### Problem
The pictures in the listing below are to be skipped, while the lines between the line holding "FUEL 1PC FC901" and the line holding "Toms Men's Camden Cozy Twill Slipper In Gray", inclusive, are to be output exactly.

### Dataset content
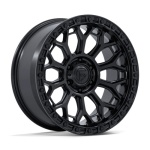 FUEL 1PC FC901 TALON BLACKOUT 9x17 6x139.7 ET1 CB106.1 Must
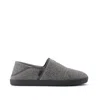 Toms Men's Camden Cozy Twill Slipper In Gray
* * *
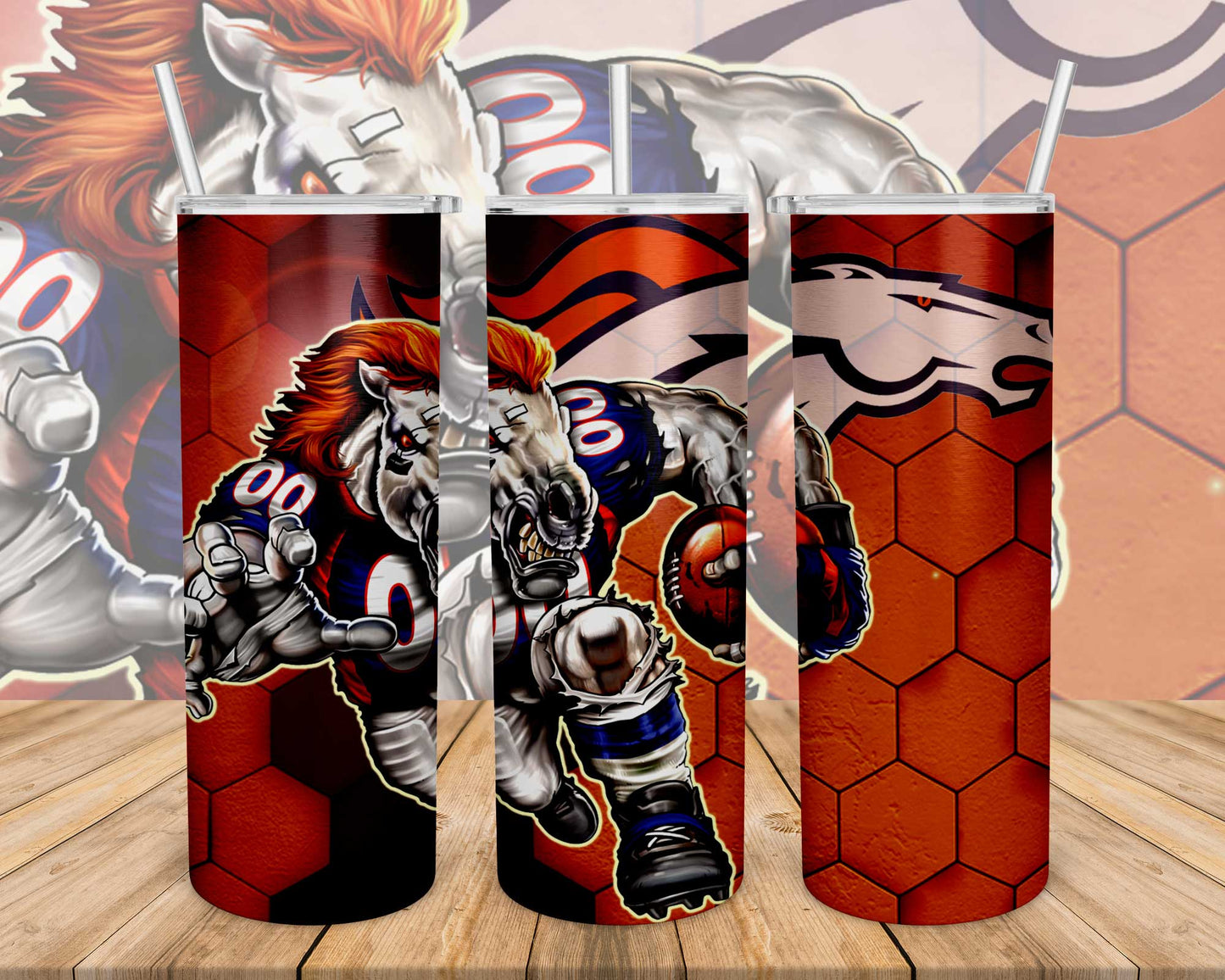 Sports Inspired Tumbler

### Completed task
 FUEL 1PC FC901 TALON BLACKOUT 9x17 6x139.7 ET1 CB106.1 Must
 Toms Men's Camden Cozy Twill Slipper In Gray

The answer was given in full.